I'd never heard of Yves Gingras before reading this post. The internet tells me that he's a French Canadian sociologist of science from the University of Quebec at Montreal (UQAM) most of whose writing are in French, hence relatively unfamiliar to Anglophones.

Quote:*Science and Religion: An Impossible Dialogue*, translated by Peter Keating, was that he might be undertaking an analysis of the conditions that would make a conversation between science and religion possible...

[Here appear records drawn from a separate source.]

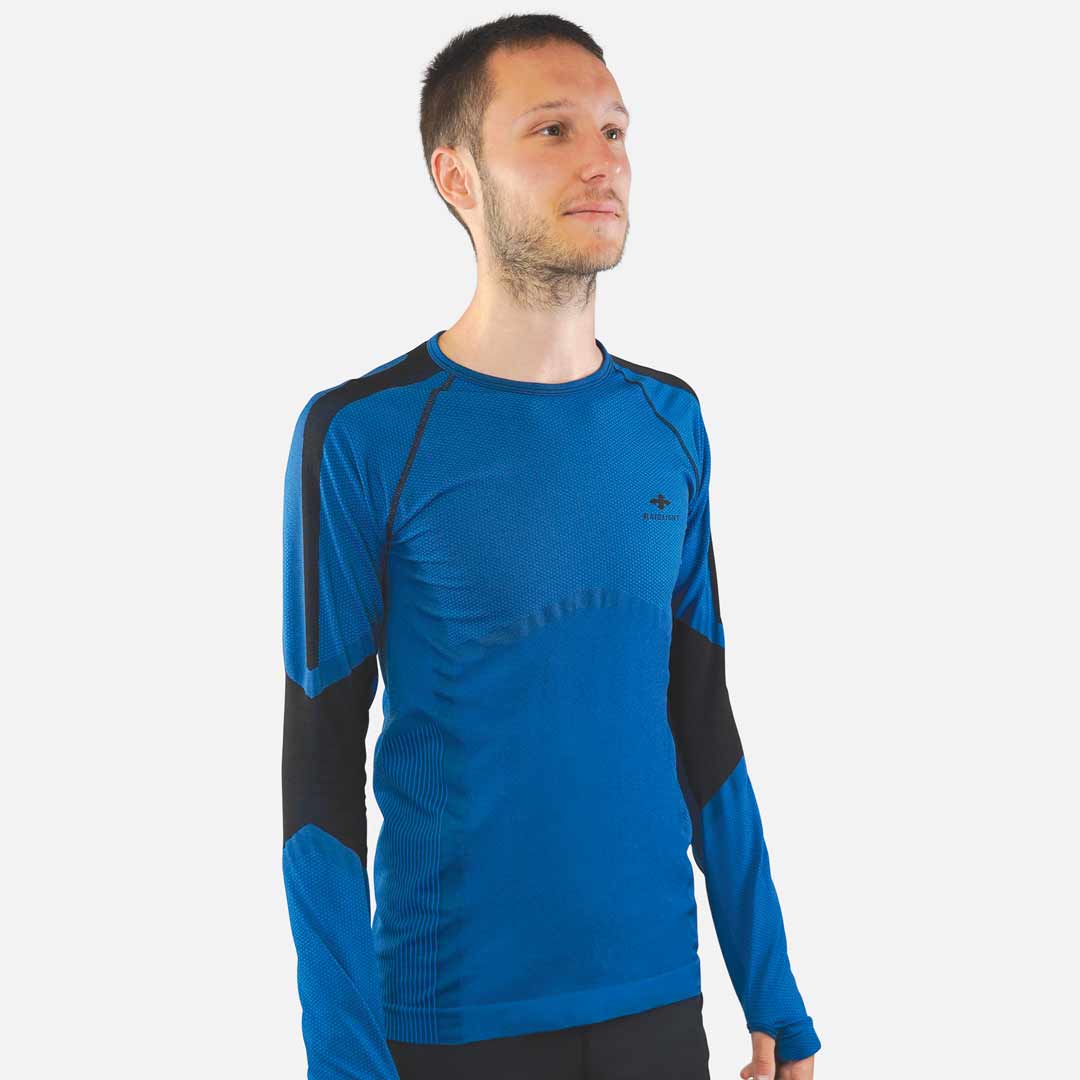 raidlight-seamless-manches-longues-maillot-premi-re-couche-mixte image 8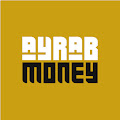 /nfts/ayrabmoneyofficial/ayrabmoneyofficial.png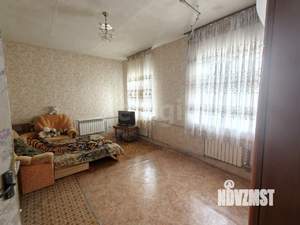Дом 200м², 2-этажный, участок 6 сот.  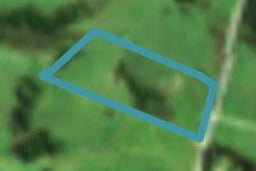449 Martin Road, Kaeo, Kaeo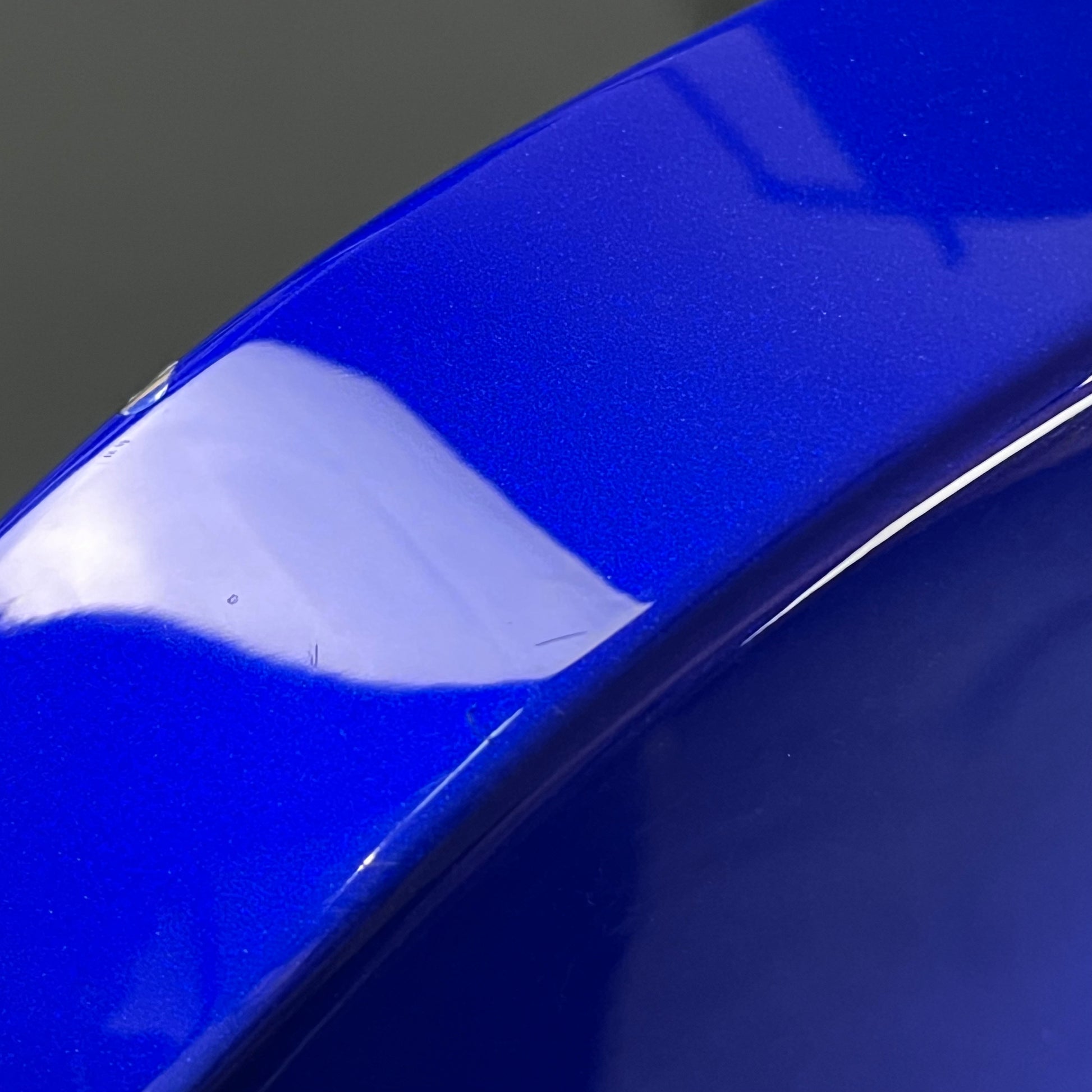 Squier Affinity Telecaster ** MOD **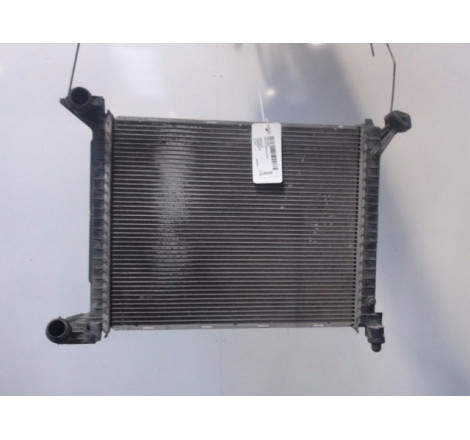 RADIATEUR
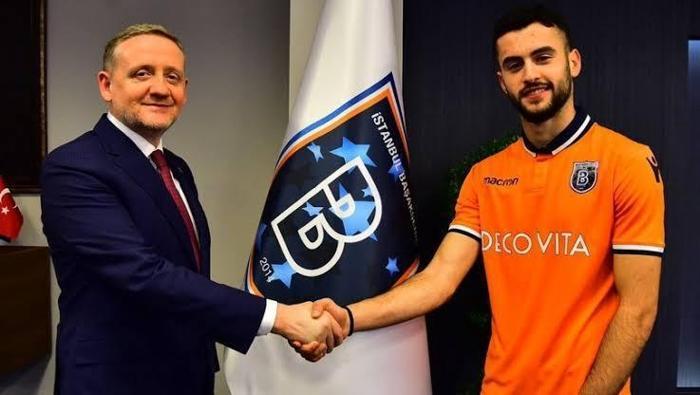 Süper Ligde acı tablo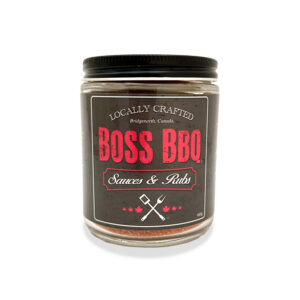 bossbbq_cane_sugar_rub_01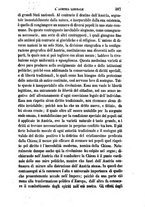 giornale/RAV0033428/1869/V.6/00000391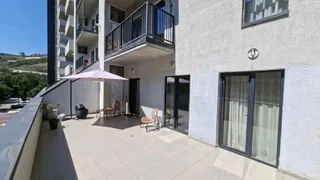 3-комнатная квартира в Тбилиси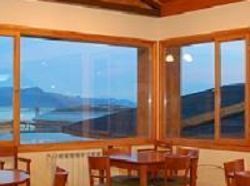 Hotel Hosteria Mirabeagle  | Ushuaia | Tierra del Fuego | Argentina 5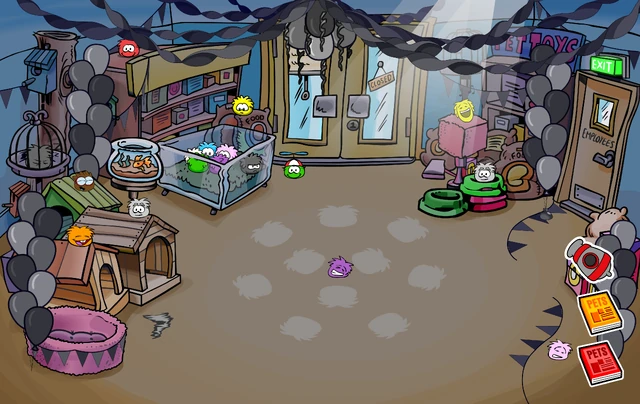 File:Puffle Party 2019 Pet Shop.png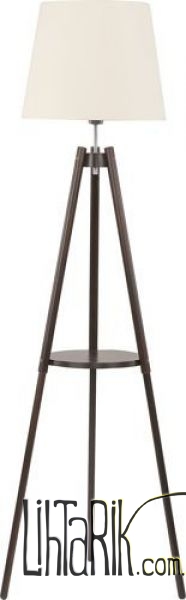 TK Lighting LOZANO торшер - 1092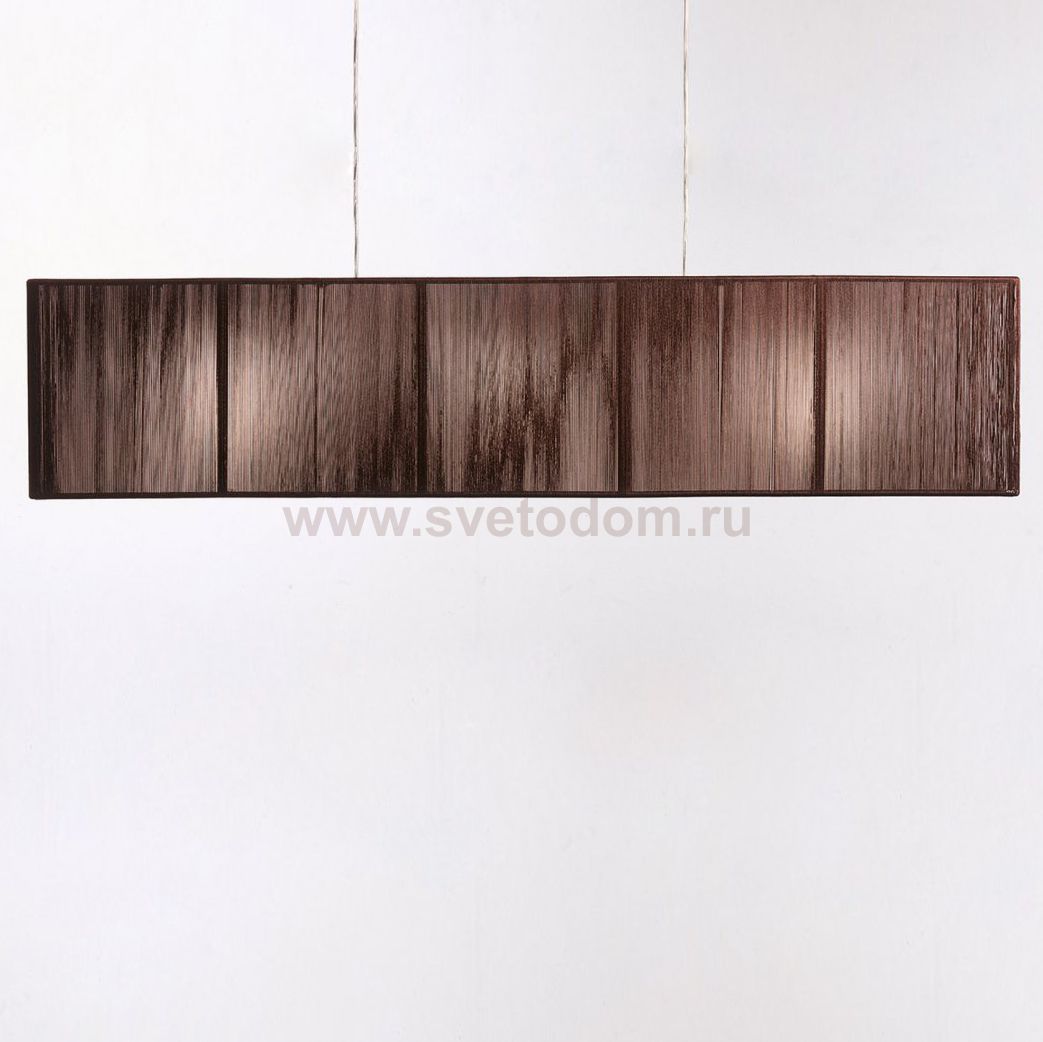 Светильник Axo Light SP CLAVIU E27 Clavius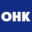onkg.ru
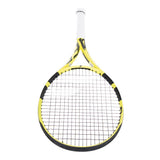 2019 Pure Aero Lite Tennis Racquet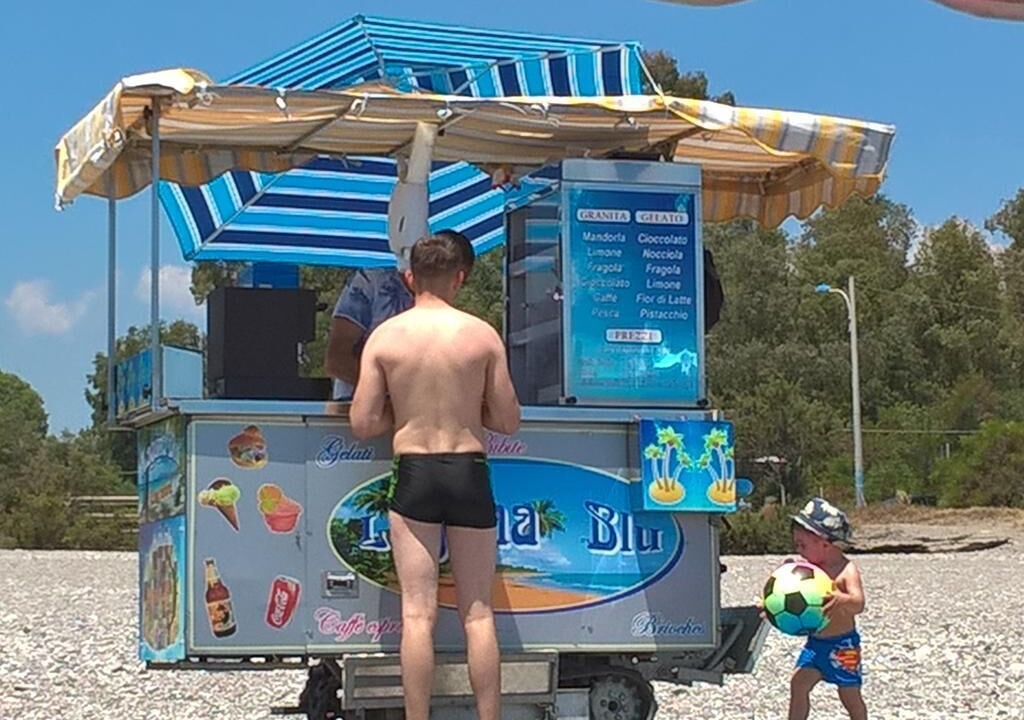 Photo of Others in Riposto
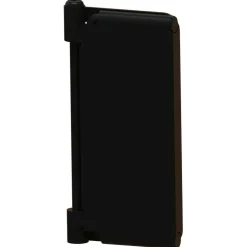 Feedback Sports - Fahrradhalter Velo Hinge - Fahrradhalter^ Fahrradwerkzeuge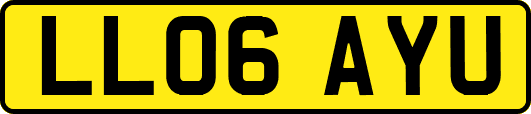 LL06AYU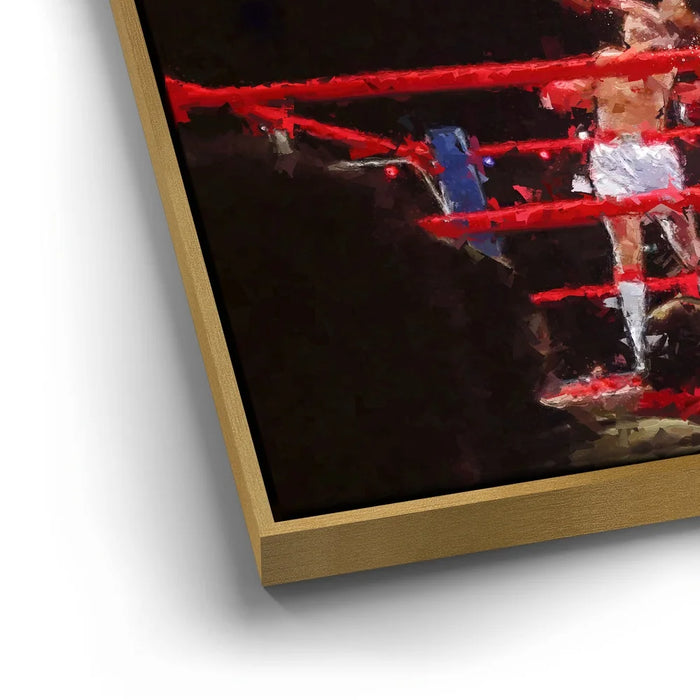 Featured image 12 for Go The Distance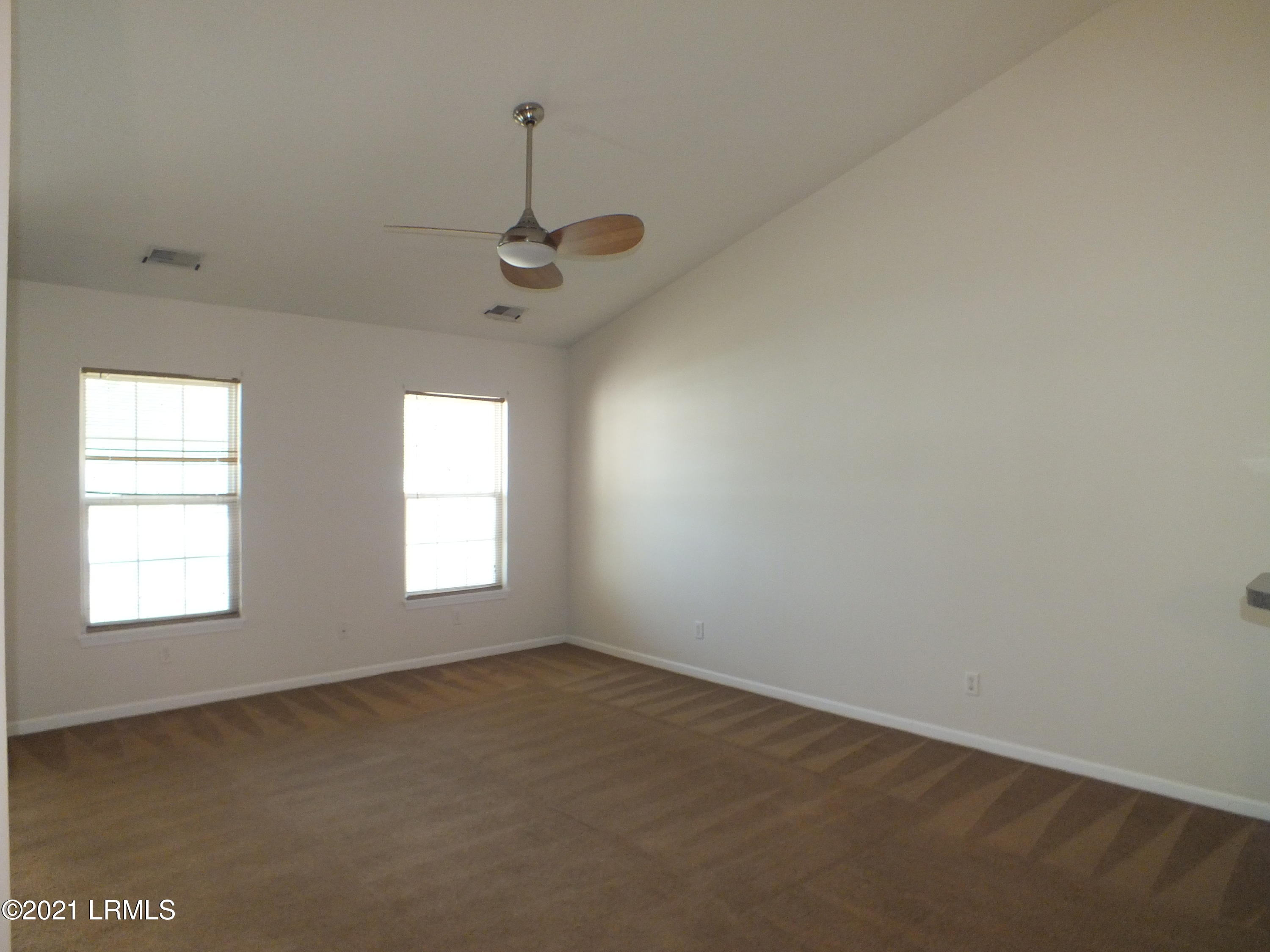 255 Colony Drive Ridgeland, SC 29936 - Photo 3 of 23 DSCF4240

It seems to me that noting science's methodological naturalism is a good place to start. Just by its nature, science is concerned with natural explanations for natural phenomena. So religion would seem to be pretty much excluded by definition. The question then is whether the scope of science is identical and co-extensive with the boundaries of reality. To answer 'yes' would seem to pretty much be a definition of 'scientism' and might be a claim that's difficult to defend.

Quote:Gingras instead adopts an alternative and somewhat puzzling configuration: dialogue is impossible, and conflict inevitable.

That seems to be an increasingly popular position to take. I don't think that it's particularly defensible though.

Quote:With this curious combination in mind we turn to the two stated aims of the book: first, to explain how the issue of the relations between science and religion, along with calls for a dialogue between them, came to be a significant topic of discussion in the 1980s

It was a big topic of discussion in the 19th century too. I think that restricting one's view to since 1980 is historically myopic.

Quote:second, to analyze the historical relations between science and religion as institutions in the Western world since the 17th century... For Gingras, what connects the two tasks is the work of historians of science over the past 40 years, and the consensus among them that there is no overarching pattern to past science-religion relations — neither perpetual harmony, nor unremitting conflict, only complexity. Indeed, historians of science-religion relations now routinely speak of “the conflict myth,” a distant and discredited historiography that arose in the 19th century.

I'd agree with that.

Quote:Gingras seeks to challenge this consensus and reinstate the older conflict model. A focus on institutions, he believes, will reveal the underlying pattern of conflict that our present-day historians all seem to have overlooked in their faddish insistence on complexities of history.

I'm inclined to think (based only these excerpts from a rather critical review, I haven't read Gingras' book) that Gingras is on a fool's errand.